• **Instructions for the task**
The output should match, line for line, the records from the line containing "de pin vidaXL" through the line containing "Pebble Blue Happy", with every picture left out.

[Opening Data records section]

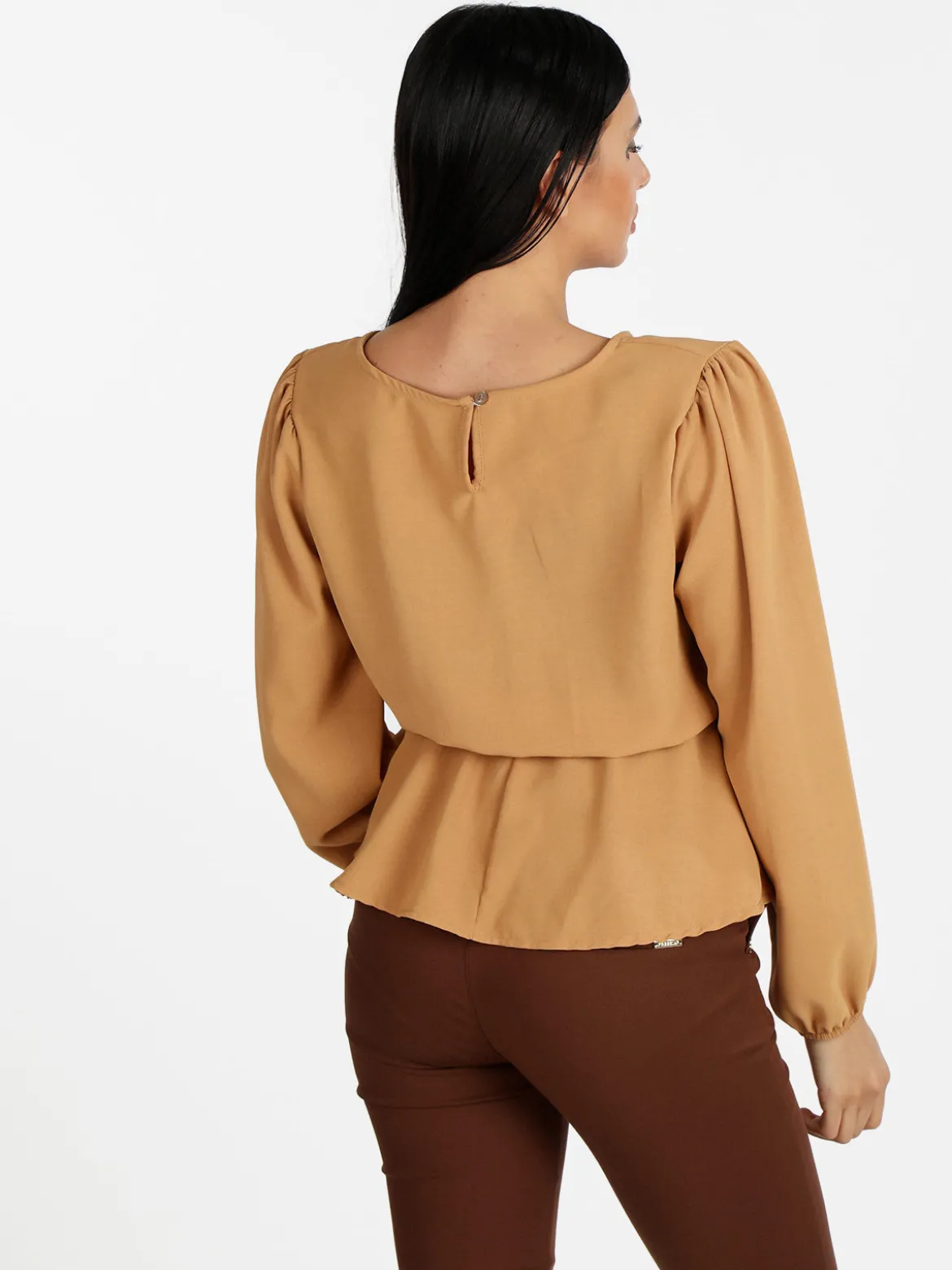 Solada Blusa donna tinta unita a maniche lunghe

[Closing Data records section]
[Opening Data records section]

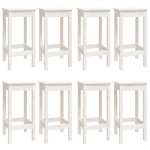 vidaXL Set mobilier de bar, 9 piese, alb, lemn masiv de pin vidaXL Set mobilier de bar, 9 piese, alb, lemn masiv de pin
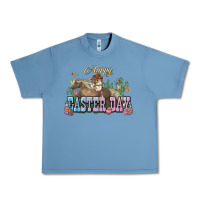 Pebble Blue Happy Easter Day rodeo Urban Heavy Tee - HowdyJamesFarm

[Closing Data records section]
[Opening Data records section]

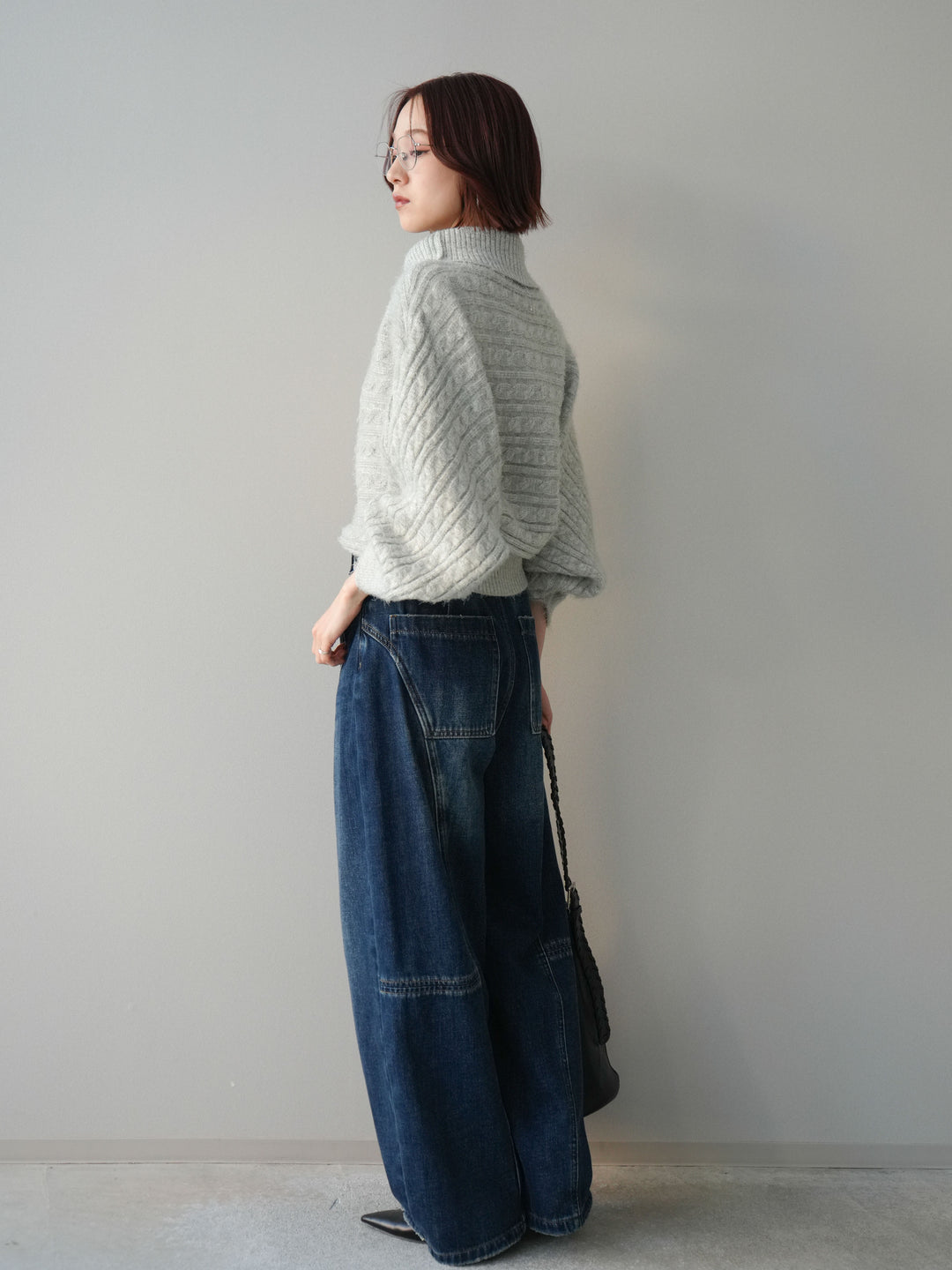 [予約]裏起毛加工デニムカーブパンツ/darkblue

[Closing Data records section]

• **Written answer**
 vidaXL Set mobilier de bar, 9 piese, alb, lemn masiv de pin vidaXL Set mobilier de bar, 9 piese, alb, lemn masiv de pin
 Pebble Blue Happy Easter Day rodeo Urban Heavy Tee - HowdyJamesFarm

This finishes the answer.